Furthermore, the mentioned frequency response characteristics may significantly differ over broadband. Therefore, the ASP-circuit may be useful within full-duplex radio. The ASP unit can be used in feedforward manner a copy/sample of TX signal can be taken. Signal characteristics of the copy can be altered with ASP and the altered TX signal can be fed forward to the receiver path so that the unwanted leakage TX signal is cancelled. This TX leakage cancellation may be especially challenging when the wanted signals are broadband. For broadband signals, including multi-carrier, carrier aggregation, multi-band, and so on, the required analog signal processing within feeding forward the TX signal to RX can be much more complex.
More generally, within many telecommunication systems there is the need for signal delay and/or frequency response control over broad band. While DSP can handle very complex signal processing tasks, other times analog signal processing may be useful. For example, within full-duplex radio the TX to RX isolation requirement may be so high that it cannot be achieved without ASP based signal cancellation. Signal processing via continuous-time analog circuitry is much more difficult in practice compared to DSP. There are number of continuous-time domain techniques on attenuating/amplifying, delaying or phase shifting the signal, and they are widely used. However, there are not many techniques on how to combine all required signal processing tasks while maintaining broadband performance.
FIG. 1 illustrates the operation principle of analog adjustable attenuator/gain, phase, and delay. The graphs illustrate what happens to the signal at the output of individual signal processing element over broadband. Ideally the adjustable attenuator/gain is broadband device but it does not alter the delay or phase offset while attenuation/gain is changed. The adjustable phase shifter is also ideally a broadband device but it only adjusts the signal phase offset. Hence, delay and attenuation are not changed while the phase offset is changed. Likewise, ideally the delay adjustment circuit can adjust the delay, namely adjust the phase response slope, but the attenuation and phase offset remains unchanged. All these signal processing tasks can be performed today with several different analog circuit methods. There are significant number of different adjustable attenuator/amplifier circuits, phase sifters and delay adjustment circuits.

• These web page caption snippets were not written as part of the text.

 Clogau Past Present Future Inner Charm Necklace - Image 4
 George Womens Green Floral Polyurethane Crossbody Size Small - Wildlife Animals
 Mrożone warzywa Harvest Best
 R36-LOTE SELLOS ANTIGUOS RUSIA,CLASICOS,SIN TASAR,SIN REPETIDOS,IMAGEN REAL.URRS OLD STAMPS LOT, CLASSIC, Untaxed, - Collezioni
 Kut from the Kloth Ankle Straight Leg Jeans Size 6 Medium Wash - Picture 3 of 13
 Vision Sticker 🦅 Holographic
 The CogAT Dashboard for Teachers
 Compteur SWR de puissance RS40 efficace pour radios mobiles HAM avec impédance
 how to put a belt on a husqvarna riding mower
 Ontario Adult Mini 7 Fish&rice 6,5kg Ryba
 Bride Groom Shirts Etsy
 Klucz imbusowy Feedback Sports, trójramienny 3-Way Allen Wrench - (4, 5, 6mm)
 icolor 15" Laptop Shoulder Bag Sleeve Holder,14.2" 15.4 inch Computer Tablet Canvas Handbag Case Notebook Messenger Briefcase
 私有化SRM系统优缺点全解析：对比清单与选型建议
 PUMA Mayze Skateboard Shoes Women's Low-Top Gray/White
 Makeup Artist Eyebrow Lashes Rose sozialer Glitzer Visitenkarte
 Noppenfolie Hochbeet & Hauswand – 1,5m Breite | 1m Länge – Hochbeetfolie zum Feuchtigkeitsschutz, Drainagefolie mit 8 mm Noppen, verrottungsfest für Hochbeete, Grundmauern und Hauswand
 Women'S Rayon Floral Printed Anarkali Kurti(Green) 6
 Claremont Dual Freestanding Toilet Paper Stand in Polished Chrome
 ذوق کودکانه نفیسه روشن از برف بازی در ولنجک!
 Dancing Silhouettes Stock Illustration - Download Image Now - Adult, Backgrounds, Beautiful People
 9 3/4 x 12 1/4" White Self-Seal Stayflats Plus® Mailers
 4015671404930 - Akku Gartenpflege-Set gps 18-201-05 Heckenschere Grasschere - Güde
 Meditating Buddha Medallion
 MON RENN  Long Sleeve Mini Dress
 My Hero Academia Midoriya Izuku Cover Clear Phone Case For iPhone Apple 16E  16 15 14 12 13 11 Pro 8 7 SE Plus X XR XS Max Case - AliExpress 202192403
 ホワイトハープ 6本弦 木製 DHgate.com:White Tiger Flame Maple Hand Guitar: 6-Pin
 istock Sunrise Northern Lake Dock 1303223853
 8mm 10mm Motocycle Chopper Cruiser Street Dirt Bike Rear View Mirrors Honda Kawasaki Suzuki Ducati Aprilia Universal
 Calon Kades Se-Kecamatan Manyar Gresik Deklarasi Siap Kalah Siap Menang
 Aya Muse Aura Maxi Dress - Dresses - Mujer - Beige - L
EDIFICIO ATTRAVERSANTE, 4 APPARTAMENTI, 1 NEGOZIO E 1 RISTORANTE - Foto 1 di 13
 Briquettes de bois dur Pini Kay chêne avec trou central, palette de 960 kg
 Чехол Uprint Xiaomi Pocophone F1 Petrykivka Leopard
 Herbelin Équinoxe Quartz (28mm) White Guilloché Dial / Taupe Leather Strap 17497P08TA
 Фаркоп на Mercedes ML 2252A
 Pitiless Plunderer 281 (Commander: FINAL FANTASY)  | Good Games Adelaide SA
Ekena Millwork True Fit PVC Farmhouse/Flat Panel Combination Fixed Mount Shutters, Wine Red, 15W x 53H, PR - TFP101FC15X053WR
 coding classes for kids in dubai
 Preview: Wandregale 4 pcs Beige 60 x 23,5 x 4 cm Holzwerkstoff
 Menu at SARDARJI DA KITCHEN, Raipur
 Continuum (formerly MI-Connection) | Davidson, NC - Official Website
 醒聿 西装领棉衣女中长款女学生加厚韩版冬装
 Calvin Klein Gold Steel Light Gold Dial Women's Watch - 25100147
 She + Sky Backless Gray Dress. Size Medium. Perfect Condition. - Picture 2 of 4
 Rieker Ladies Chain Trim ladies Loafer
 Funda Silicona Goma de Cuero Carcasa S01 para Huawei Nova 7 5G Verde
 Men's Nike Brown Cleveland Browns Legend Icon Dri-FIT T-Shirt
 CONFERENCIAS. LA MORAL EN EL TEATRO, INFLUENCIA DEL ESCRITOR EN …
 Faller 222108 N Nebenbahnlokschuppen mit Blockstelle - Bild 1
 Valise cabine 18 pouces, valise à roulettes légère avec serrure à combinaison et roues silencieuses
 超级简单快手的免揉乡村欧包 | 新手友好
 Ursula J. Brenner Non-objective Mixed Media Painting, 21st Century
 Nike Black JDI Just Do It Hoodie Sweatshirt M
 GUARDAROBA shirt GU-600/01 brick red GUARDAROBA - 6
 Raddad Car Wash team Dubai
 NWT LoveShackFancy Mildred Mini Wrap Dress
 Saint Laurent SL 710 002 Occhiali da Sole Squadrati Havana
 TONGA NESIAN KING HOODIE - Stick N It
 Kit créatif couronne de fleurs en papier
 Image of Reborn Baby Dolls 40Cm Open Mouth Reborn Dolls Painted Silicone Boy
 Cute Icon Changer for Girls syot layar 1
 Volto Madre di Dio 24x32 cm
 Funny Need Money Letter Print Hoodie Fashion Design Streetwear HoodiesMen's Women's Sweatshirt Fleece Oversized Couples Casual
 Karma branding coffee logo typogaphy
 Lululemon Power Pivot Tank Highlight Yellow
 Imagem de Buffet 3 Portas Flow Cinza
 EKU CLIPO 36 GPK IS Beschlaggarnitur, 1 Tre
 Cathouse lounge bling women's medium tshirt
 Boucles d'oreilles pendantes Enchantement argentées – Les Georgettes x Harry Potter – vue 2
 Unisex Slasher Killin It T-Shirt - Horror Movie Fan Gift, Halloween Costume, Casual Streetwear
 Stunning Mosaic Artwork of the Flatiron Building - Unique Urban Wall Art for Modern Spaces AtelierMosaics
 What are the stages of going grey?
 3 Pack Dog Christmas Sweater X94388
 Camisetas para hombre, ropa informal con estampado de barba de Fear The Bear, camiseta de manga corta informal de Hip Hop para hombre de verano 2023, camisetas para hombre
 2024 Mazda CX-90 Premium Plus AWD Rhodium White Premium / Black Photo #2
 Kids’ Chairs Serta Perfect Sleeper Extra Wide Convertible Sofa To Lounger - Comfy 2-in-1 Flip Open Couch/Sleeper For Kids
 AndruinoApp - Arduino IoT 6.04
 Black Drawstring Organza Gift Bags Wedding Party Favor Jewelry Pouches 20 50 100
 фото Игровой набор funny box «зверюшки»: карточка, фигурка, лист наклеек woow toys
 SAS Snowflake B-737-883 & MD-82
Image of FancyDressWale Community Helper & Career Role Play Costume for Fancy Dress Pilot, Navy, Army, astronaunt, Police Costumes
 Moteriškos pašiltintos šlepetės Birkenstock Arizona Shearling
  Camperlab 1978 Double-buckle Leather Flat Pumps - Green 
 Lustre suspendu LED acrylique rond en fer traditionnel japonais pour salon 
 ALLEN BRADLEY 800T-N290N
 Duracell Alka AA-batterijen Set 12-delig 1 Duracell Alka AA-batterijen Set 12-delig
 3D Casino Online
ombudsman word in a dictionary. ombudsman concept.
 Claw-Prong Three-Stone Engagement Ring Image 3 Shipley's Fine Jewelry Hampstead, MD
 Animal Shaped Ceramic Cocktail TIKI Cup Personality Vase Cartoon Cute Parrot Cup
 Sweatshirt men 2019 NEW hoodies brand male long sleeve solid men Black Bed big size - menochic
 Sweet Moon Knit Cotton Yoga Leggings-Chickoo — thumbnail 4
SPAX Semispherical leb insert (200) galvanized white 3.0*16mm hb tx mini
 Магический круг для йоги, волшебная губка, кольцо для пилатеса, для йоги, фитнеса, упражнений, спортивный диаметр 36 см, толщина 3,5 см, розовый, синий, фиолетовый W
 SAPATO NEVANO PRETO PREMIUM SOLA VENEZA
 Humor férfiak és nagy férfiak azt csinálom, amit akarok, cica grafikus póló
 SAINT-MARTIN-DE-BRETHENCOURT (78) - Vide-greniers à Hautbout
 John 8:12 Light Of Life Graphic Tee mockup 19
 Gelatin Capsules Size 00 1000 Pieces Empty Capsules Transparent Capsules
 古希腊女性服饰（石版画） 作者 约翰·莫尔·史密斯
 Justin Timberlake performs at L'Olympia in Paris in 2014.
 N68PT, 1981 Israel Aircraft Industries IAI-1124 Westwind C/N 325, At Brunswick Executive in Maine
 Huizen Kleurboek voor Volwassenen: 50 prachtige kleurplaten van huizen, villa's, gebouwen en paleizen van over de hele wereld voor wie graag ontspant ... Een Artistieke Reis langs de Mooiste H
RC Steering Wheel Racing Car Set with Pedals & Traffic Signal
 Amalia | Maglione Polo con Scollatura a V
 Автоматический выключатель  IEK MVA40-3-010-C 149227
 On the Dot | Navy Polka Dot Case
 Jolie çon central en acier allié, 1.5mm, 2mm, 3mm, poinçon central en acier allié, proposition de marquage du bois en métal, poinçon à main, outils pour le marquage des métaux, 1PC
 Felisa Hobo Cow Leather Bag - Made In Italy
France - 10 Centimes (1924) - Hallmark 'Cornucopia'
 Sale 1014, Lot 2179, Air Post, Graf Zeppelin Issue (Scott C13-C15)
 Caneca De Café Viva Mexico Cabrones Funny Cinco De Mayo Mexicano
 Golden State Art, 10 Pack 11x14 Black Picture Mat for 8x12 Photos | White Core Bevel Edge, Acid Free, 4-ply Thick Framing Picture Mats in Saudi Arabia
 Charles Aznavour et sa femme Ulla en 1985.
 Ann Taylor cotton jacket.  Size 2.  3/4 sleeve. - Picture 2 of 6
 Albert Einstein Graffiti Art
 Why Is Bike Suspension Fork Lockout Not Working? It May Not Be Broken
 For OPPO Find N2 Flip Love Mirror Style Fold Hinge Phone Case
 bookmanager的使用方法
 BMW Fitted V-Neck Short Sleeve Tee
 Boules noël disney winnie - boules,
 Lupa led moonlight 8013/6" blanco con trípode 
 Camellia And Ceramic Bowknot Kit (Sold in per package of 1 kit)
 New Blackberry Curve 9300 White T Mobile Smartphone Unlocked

There are also hybrid solutions that combine at least two functions. Reflection type I&Q vector modulator, for example, can adjust phase offset and attenuation independently. Hence, in practice, complex gain element can be achieved.
The above basic signal processing functions, or hybrids of those, is that they offer performance that is already limited, even in theory. Adjustable attenuator/gain cannot adjust amplitude slope or ripple over a target band. A phase shifter cannot adjust phase slope or ripple over a target band and a delay element cannot adjust phase offset over a target band, only phase slope is adjusted. These limitations may be unsuitable for broadband high performance.